ヴェールの中

日々

思い出

今感じていることはやがてすべて思い出と変わる。たしかにそれをはそうなんだけれども、それが昨日のことなのか、それとも数ヶ月前のことなのか、それとも数十年前のことなのか、いつの出来事なのかの区別はどんどん曖昧になっていく。旧友と再開して思い出話に花が咲く。その話している内容は考えてみれば随分も前で印象的な出来事の記憶は蘇ってくるけれども、それ以外は今か昔かなんてよくわからないね。外見を見るとお互い歳をとったと感じてはいるけれども、昔話をしている瞬間はタイムスリップしたかのように、あのときのままで何も変わっていない。そしてその昔の出来事は今もお互いの空間の中でぼんやりと浮かび上がっているね。懐かしいと感動するけれども、それ自体は全く同じ状況で再現しているわけではなく、ああ、そういえばそんなだったとアレンジされて今まさに生み出されたものであることは間違いない。

別離

そうやってする思い出話もいずれどちらかが目の前から消えていなくなると、おそらくはそんな一時もなくなってしまうだろう。そうやってどんどん手がかりが消えていく一方で、昔話の種は今も相変わらず蒔き続けている。もちろんそれが数年後にどのように語られるかはまだ誰も知らないわけだけれども、旧知の何かは泡沫のように次々に弾けて消えていく。だからこそ今を大切にすることがあなたがあなたであることを大切にするのと同義なんだね。
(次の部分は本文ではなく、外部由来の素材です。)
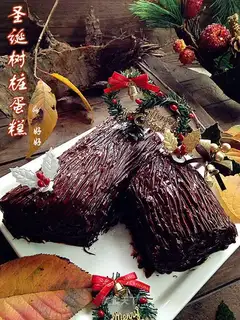 Christmas stake cake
あなたは焦ったり、苦しんだり、悲しんだりするけれども、それらもやがて別れがきて、おそらくは昔話にもできないようになる。そうやって消えていくからこそあなたはここにいることを確認しているわけだ。ならば別れを感じられること自体は奇跡であり、あなたが生きるこの世界には感謝しかなくなるだろう。

未来

それで今度は、そんな未来を考え始めたときにあなたはとても不安になる。過去もよくわからなくなるのと同じで、明日のことや、数年後のことなども同じようになると思い込んでいるからだね。いずれにせよよくわからないことを不安に思う癖があるわけだ。しかし全てが明確にわかったとしたらあなたの世界はどうなるだろう。ずっとそのままの感情を抱き続けなければならなくなる。もちろんそれができないから、今なんとなくであっても普通にいられる。けれども、何もかもが見えた瞬間あなたは絶望しか残らないね。よくわからないから希望が生まれるわけだし、何もわからないからどうにでもできると確信できる。だから全部無理せず曖昧なままでいいんだよ。それがあなたの世界だし、夢か現か幻かよくわからないところにいることであなたがぼんやりと浮かび上がっているわけだからね。